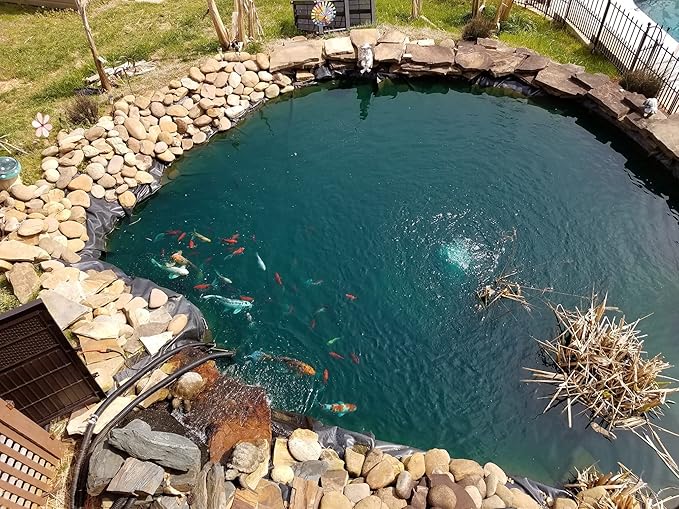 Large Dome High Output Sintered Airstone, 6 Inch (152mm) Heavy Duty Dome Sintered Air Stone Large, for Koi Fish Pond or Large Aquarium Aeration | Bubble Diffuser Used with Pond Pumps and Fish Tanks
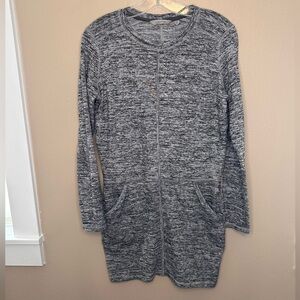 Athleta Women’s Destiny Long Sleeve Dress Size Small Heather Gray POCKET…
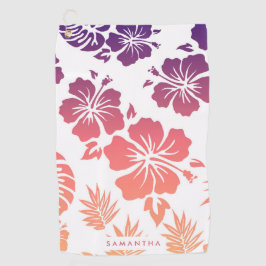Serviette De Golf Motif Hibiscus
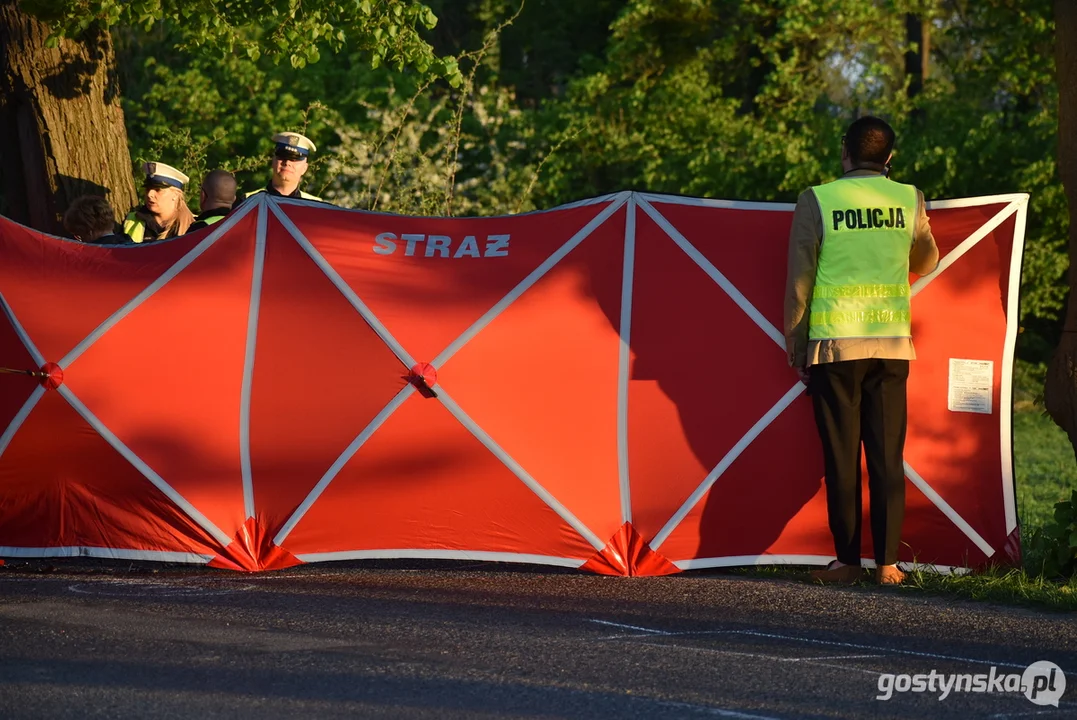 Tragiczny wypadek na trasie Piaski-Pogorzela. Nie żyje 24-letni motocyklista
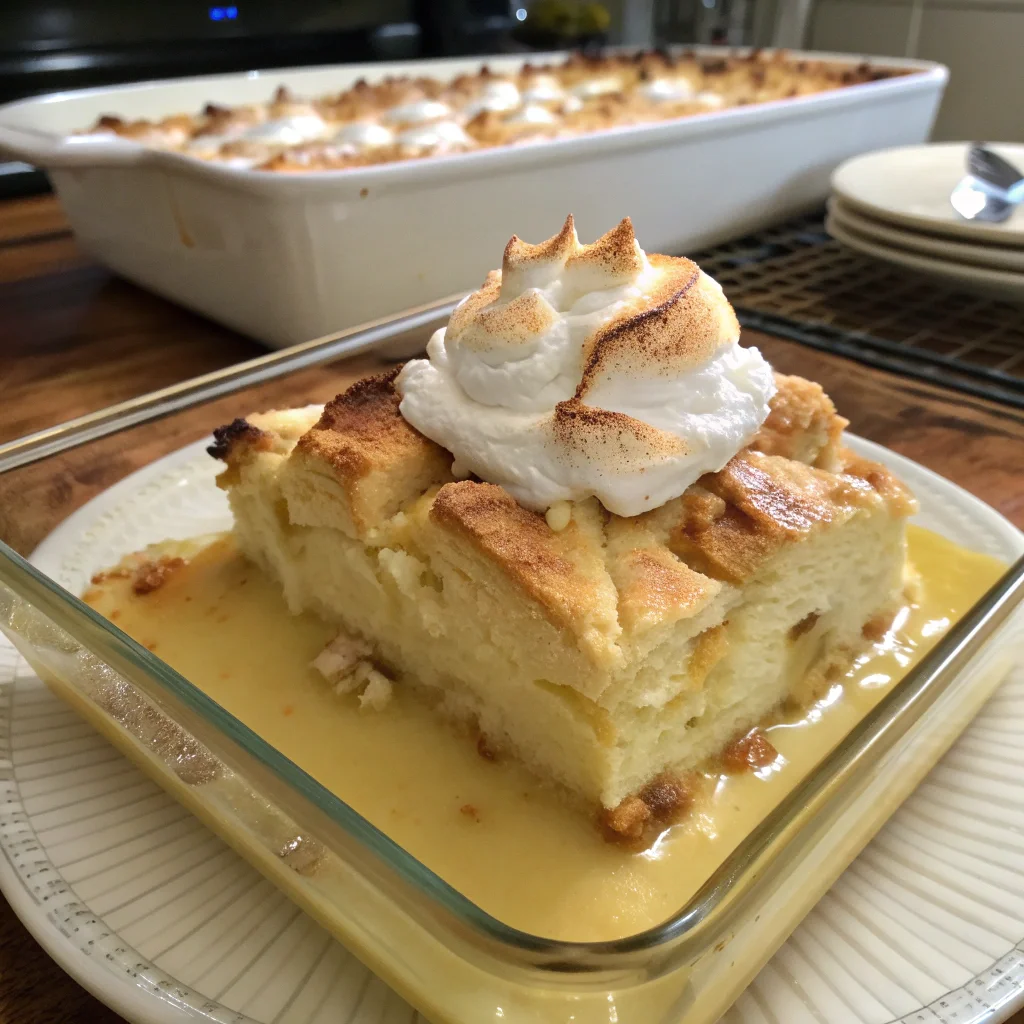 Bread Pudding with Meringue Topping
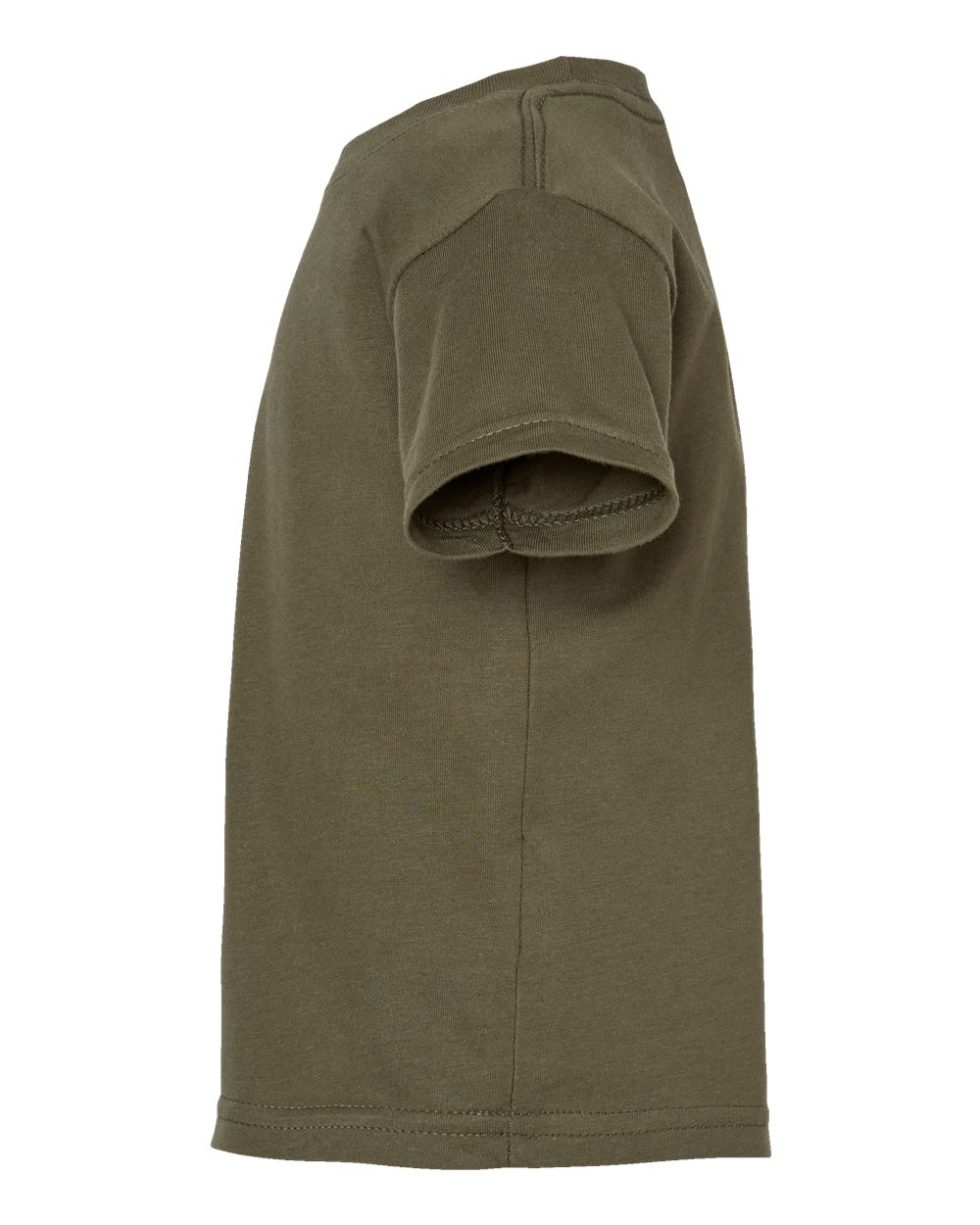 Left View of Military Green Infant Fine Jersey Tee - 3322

### What needs to be done
Repeat the records above exactly, without pictures.

### Answer
 Large Dome High Output Sintered Airstone, 6 Inch (152mm) Heavy Duty Dome Sintered Air Stone Large, for Koi Fish Pond or Large Aquarium Aeration | Bubble Diffuser Used with Pond Pumps and Fish Tanks
 Athleta Women’s Destiny Long Sleeve Dress Size Small Heather Gray POCKET…
Serviette De Golf Motif Hibiscus
 Tragiczny wypadek na trasie Piaski-Pogorzela. Nie żyje 24-letni motocyklista
 Bread Pudding with Meringue Topping
 Left View of Military Green Infant Fine Jersey Tee - 3322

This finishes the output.